Dès nos premiers pas dans la galerie qu’il avait choisi, il s’enthousiasma en voyant un nom qui m’était alors complètement inconnu. Et, avec grâce, sans me faire apparaître mes lacunes énormes, me le présenta rapidement - je suis complètement dénué de ce genre de délicatesse, moi qui trop heureux de sauter sur une des rares occasions où je peux être plus érudit que Right Hon.; comme elle me disait l’autre jour que tout le monde lui évoquait ce nom, je lui répondis, mais enfin !, comment !, tu ne connais pas H. !, mais comment peut-on ne peut le connaître !

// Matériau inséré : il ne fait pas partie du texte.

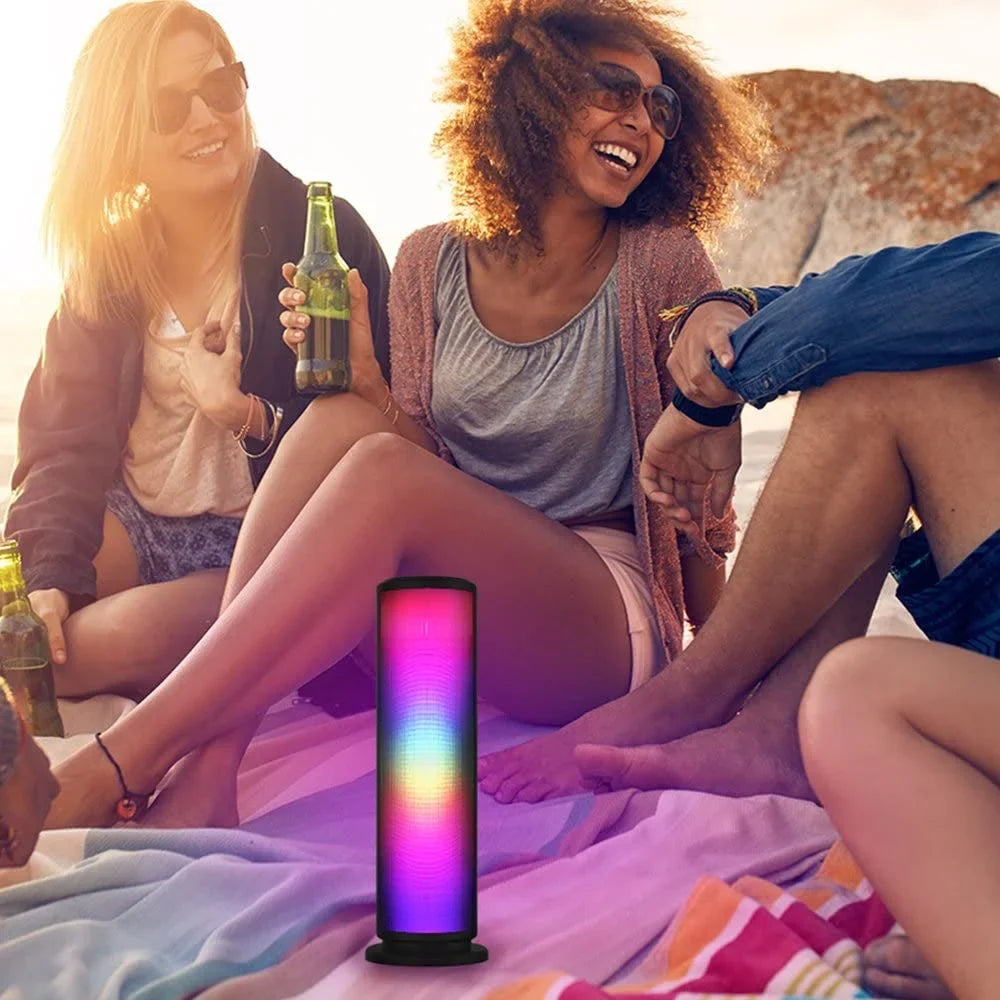 Speaker with Pulsating Lights, Color Changing Portable Outdoor Party Tower Speaker
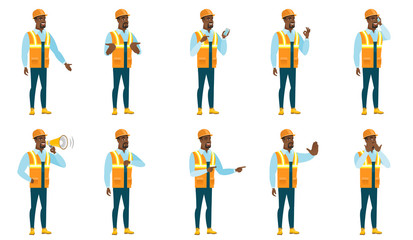 Vector set of builder characters.
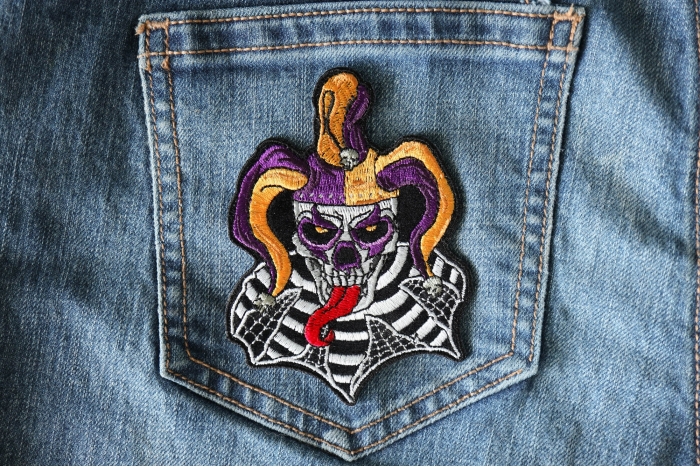 Jester Clown Skull Patch shown on jeans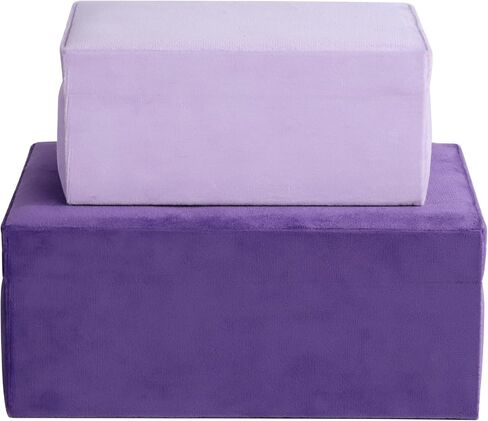 HofferRuffer Velvet Jewelry Boxes Decorative Boxes, Storage Accessory Organizer Boxes with Elegant Handle Decor, Classic Velvet Set of 2 Pieces (Purple) in Kuwait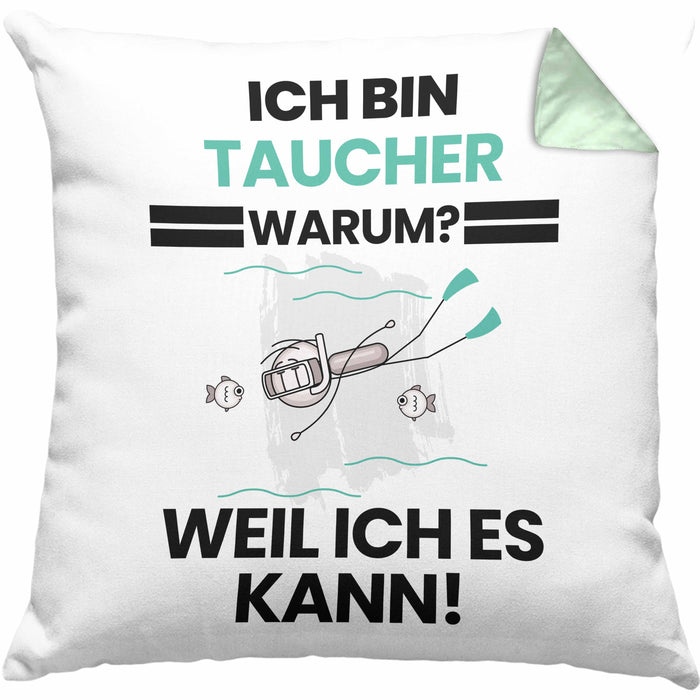 Taucher Geschenk Kissen mit Füllung 40x40 Lustiger Spruch Ich Bin Taucher Warum Weil Ich Es Kann Geschenkidee Bester Taucher Geburtstag (Grau) Grün Trendation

Pour un ignorant de mon espèce, au demeurant tout à fait dénué de goût en matière de peinture, et particulièrement pour la création la plus récente, rien de plus fascinant que la capacité mystérieuse qu’il détenait à pouvoir reconnaître, sur n’importe quelle oeuvre des dix dernières années, ce qui méritait un coup d’oeil ou ce qui justifiait son dégoût. Nous passâmes un moment devant une salle remplis de tableaux contemporains. Il écarquilla les yeux en les apercevant de loin et sans même autoriser que nous pénétrions dans la pièce m’indiqua que lui-même, le plus tolérant de nous deux, ne saurait tolérer de telles horreurs. Nous vîmes donc les différentes expositions, et je le suivais comme quand on accompagne un connaisseur chez un vendeur d’antiquité, et qu’il arrive à reconnaître les babioles sans valeurs, les faux, et les objets les plus rares. Puis, comme à mon tour, je m’énervais devant un montage qui tenait à l’évidence de l’escroquerie, il riait comme s’il m’avait fait une farce.

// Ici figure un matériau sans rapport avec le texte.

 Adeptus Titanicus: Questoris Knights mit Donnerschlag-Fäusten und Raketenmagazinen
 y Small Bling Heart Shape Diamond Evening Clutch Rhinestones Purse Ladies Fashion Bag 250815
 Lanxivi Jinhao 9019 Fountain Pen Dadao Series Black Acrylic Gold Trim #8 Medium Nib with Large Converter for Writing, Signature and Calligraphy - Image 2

Il eût peu de temps après un grand chagrin. Je me proposais comme diversion, il m’invita chez lui manger du jambon sec mais fraichement ramené d’Italie. Toute sa gaieté naturelle semblait s’être dissipée; ne parvenant à rien, je suggérais l’alcool comme remède éprouvé à toute forme de dépression. En chemin vers un café qu’il appréciait particulièrement, nous croisâmes un couple de sa connaissance. De toutes les circonstances déplaisantes de la vie sociale, peu rivalisent avec le fait de se retrouver dans une conversation où on est le seul étranger. Je fis de mon mieux pour suivre des échanges hautement cabalistiques à mes oreilles, pour ne pas avoir l’air surpris ni connaisseur devant les allusions à tel ou tel des apaches de leurs plaines familières. Enfin, le couple prit congé, tous deux les mains sur leurs hanches et mon ami, si délicieux avec eux quelques instants auparavant, me murmura alors: “Je ne peux pas supporter ces gens”. Mettre à nu ainsi son hypocrisie, cette marque de confiance de sa part me plut immensément et me terrifia par la responsabilité qu’elle entraînait. Aucun verre, aucune de mes tentatives de le réjouir, aucun plan pour rectifier le tir de son malheureux destin, ne me permit de lui rendre sa gentillesse et de régler le solde de sa peine.

Quelques jours plus tard, il mit fin à sa carrière, et se promit de revêtir l’habit de je ne sais quel ordre religieux. Des mois après, à un moment où je me trouvais malheureusement dépourvu de loisirs, il me fit parvenir une nouvelle invitation que je dus décliner. Je reste depuis sans nouvelle et sans oser en prendre ou en donner. Sans avoir rien fait contre lui, me vient sans cesse l’impression que je l’ai trahi - et que je n’aurais jamais pu que le trahir.